I am an artist and teacher living in Norwalk, CT with my husband Alex. I teach middle school art at a wonderful school and am also pursuing my Master’s degree in art history. I enjoy reading, baking, and being outside, and was probably a garden gnome in a past life.
Describe your garden
I have a small garden in a suburban neighborhood, where I grow mostly flowers. Every year I look forward to watching it evolve, from the first crocuses in early spring to the asters in the fall. I start most of my annuals from seed, which enables me to grow rare and interesting varieties. Some plants, like snapdragons, poppies, and cosmos, always have a place in my garden, but I also like to try out a few new things every year. Some work out, and some don’t, but I look at everything I do in the garden as an experiment… nature is rarely predictable. My garden really hits its stride during the summer when my favorite flowers, the dahlias, start to bloom. I get so much joy from growing these beautiful flowers - the variety of colors, textures, and sizes is incredible, and they put on a spectacular show for months. I also grow pollinator-friendly and native plants, provide water sources and cover, and always garden organically, as it is important to me that a garden is a hospitable place for wildlife.
If you could describe your love of gardening in one word, what would that be and why?
Connection.

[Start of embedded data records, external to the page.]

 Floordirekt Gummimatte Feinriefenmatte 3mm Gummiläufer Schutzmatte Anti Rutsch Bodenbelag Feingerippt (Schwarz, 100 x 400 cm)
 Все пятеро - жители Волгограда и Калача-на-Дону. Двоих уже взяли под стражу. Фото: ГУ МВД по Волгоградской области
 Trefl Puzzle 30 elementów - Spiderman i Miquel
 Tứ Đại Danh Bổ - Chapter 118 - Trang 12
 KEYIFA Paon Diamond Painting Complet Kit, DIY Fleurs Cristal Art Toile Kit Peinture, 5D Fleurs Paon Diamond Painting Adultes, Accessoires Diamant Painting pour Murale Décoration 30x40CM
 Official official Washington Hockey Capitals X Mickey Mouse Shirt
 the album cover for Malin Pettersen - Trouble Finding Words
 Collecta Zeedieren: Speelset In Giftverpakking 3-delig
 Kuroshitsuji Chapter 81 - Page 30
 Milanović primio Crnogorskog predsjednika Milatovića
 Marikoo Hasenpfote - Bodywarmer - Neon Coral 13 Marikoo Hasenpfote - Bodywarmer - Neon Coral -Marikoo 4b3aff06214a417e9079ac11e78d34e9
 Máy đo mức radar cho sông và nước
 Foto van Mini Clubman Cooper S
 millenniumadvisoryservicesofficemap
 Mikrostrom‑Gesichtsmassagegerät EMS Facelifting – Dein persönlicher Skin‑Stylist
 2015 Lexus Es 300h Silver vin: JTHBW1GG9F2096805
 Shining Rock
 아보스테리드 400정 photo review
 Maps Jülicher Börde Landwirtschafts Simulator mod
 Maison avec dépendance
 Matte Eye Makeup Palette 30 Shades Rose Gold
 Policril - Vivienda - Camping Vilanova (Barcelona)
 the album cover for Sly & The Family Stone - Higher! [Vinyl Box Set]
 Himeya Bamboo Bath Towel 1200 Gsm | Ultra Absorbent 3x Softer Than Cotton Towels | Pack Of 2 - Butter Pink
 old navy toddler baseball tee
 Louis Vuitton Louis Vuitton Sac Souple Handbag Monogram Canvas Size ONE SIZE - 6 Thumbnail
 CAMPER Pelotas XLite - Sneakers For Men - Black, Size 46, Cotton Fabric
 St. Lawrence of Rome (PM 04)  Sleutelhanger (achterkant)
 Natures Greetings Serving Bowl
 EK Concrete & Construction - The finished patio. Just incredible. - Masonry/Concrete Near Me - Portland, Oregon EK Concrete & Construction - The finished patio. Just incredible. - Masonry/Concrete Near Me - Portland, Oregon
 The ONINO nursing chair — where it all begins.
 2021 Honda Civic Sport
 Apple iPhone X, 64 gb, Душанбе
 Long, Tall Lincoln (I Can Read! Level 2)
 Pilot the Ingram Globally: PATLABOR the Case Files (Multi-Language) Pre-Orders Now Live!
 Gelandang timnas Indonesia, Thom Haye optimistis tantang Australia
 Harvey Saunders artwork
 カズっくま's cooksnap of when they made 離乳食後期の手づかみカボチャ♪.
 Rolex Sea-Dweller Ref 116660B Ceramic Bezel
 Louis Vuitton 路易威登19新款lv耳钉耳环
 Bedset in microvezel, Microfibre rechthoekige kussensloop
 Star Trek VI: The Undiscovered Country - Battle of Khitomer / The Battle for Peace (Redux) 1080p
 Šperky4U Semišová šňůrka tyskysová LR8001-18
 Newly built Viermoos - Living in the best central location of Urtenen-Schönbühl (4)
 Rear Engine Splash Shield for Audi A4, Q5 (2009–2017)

Gardening offers so many opportunities to connect with nature, other people, and yourself. Time spent alone in the garden is very meditative and grounding for me, allowing me to unplug and connect with the natural world. I also love gardening with my husband, Alex. It's so nice to spend a spring Saturday out in the garden together, digging a new bed or planting seedlings. I also really love when someone walks by when I’m out in the front garden and stops to chat or ask questions. Once, our mail carrier came by to deliver a package while I was splitting up perennials, and we got to talking… She left a little while later with a bucket full of daylilies!
You visit many of our Open Days, can you tell us what makes you such an avid visitor?
It is such a joy to be able to tour and admire other people’s gardens. No matter the scale of the Open Days garden, I always walk away with inspiration that I can apply to my own space. I love getting the chance to talk to other gardeners too, whether the host or other visitors.
How do you share your passion for gardening with others?
I love helping friends plan their gardens. People are often so intimidated by gardening, and it's nice to help them realize that really anyone can do it - no matter their experience or space limitations. Even if it's a few herbs on a windowsill, gardening is so enriching and gratifying. I’m always encouraging folks to give it a try. I also love to talk shop with friends (and people I’ve just met, for that matter) about gardening, and of course, it is always fun to share seedlings and flower arrangements with friends and family.